Auch die Einwendungen der Revision zur Frage des Verschuldens des Beklagten sind nicht stichhaltig. Daß der Beklagte die kreditgefährdende Äußerung wider besseres Wissen gemacht habe, wird vom Berufungsgericht gar nicht angenommen. Zum Tatbestand des § 1330 ABGB. genügt Fahrlässigkeit, wobei sich die Fahrlässigkeit nur auf die Unkenntnis der Unwahrheit der verbreiteten Tatsache zu beziehen braucht. Wer einen Anspruch auf Widerruf oder dessen Veröffentlichung nach § 1330 ABGB. geltend macht, hat zu beweisen, daß der Mitteilende Tatsachen kreditgefährdender Art verbreitet hat, obwohl er deren Unwahrheit kannte oder doch hätte kennen müssen. Das Gesetz macht denjenigen, der eine kreditschädigende Mitteilung verbreitet, zwar schon dann haftbar, wenn er die Unwahrheit der Mitteilung kennen mußte. Der Fassung des Gesetzes muß aber entnommen werden, daß der Verbreiter nur dann haftet, wenn ihm nach den Umständen des Falles die Weitergabe der Mitteilung als grobe Fahrlässigkeit anzurechnen ist, wenn er also die Mitteilung weitergegeben hat, obwohl er bei durchschnittlicher, jedermann zumutbarer Auffassung hätte erkennen müssen, daß sie unwahr sei (SZ. XXIII/354). Der Oberste Gerichtshof findet die Beurteilung des Grades des Verschuldens des Beklagten durch das Berufungsgericht frei von Rechtsirrtum. Darin, daß der Beklagte trotz geäußerter Zweifel seiner Gesprächspartnerin auf seiner Äußerung beharrte, obwohl die ihm zur Verfügung stehenden, von ihm selbst im Verfahren angegebenen Erkenntnisquellen diese Äußerung durchaus nicht deckten, muß eine grobe Fahrlässigkeit gefunden werden.

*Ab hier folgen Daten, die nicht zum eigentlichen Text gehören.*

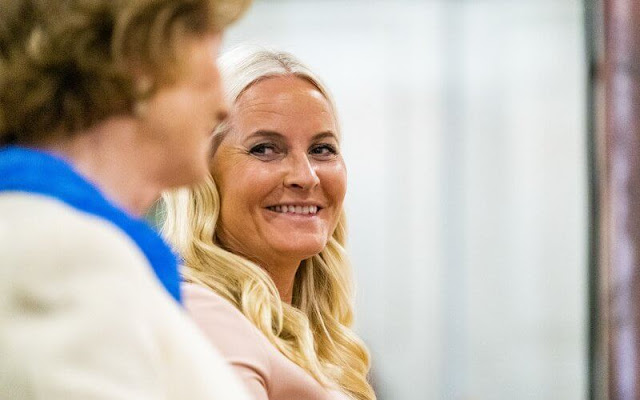 Queen Sonja, Crown Princess Mette-Marit and Maud Angelica Behn attended the opening of the exhibition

Dagegen findet der Oberste Gerichtshof die Revision insoweit als berechtigt, als sie sich gegen die Pflicht zur Veröffentlichung des Widerrufes in zwei Zeitungen wendet. Nach den Feststellungen der ersten Instanz, die vom Berufungsgericht nicht geändert wurden, ist die kreditgefährdende Äußerung nur der Berta H. zur Kenntnis gekommen; andere Personen hätten sie zwar hören können, haben sie aber nicht gehört. Unter diesen Umständen vermag sich der Oberste Gerichtshof der vom Berufungsgericht unter Hinweis auf Ehrenzweig II/1, S. 660 und Wolff in Klang's Kommentar, 2. Aufl., zu § 1330 ABGB., S. 164, vertretenen Auffassung, daß der Veröffentlichungsanspruch unbedingt sei und keine Rücksicht auf den Umfang der tatsächlichen Verbreitung zu nehmen brauche, nicht anzuschließen. Bei kreditgefährdenden Mitteilungen wird sich allerdings die Möglichkeit, daß die Mitteilung anderen Personen zur Kenntnis gekommen ist, zumeist nicht ausschließen lassen und es wird demgemäß auch ein Anspruch auf Veröffentlichung begrundet sein. Wenn aber, wie im vorliegenden Fall, ausdrücklich feststeht, daß die Mitteilung nur einer einzigen Person zur Kenntnis gekommen ist, dann verfehlt eine Veröffentlichung ihren Zweck. In einem solchen Fall fehlt es an einem rechtspolitischen Grund für die Veröffentlichung des Widerrufes und es muß der Widerruf gegenüber jenen Personen, die von der Äußerung Kenntnis erlangt haben, genügen. Hiefür spricht auch die Erwägung, daß das Recht auf Widerruf und dessen Veröffentlichung ein Teil des im § 1330 ABGB. geregelten Schadenersatzanspruches ist. Es soll darum die unwahre Kundgebung derart richtig gestellt werden, daß derselbe Personenkreis hievon Kenntnis erlangen kann, dem die unwahre Tatsache durch die Verbreitung zugänglich geworden ist.

Aus diesen Erwägungen hat der Oberste Gerichtshof daher den Anspruch des Klägers auf Widerruf, hingegen nicht den auf Veröffentlichung dieses Widerrufes für begrundet erachtet und demgemäß dem Klagebegehren hinsichtlich des ersten Punktes Folge gegeben, es im zweiten Punkt aber abgewiesen.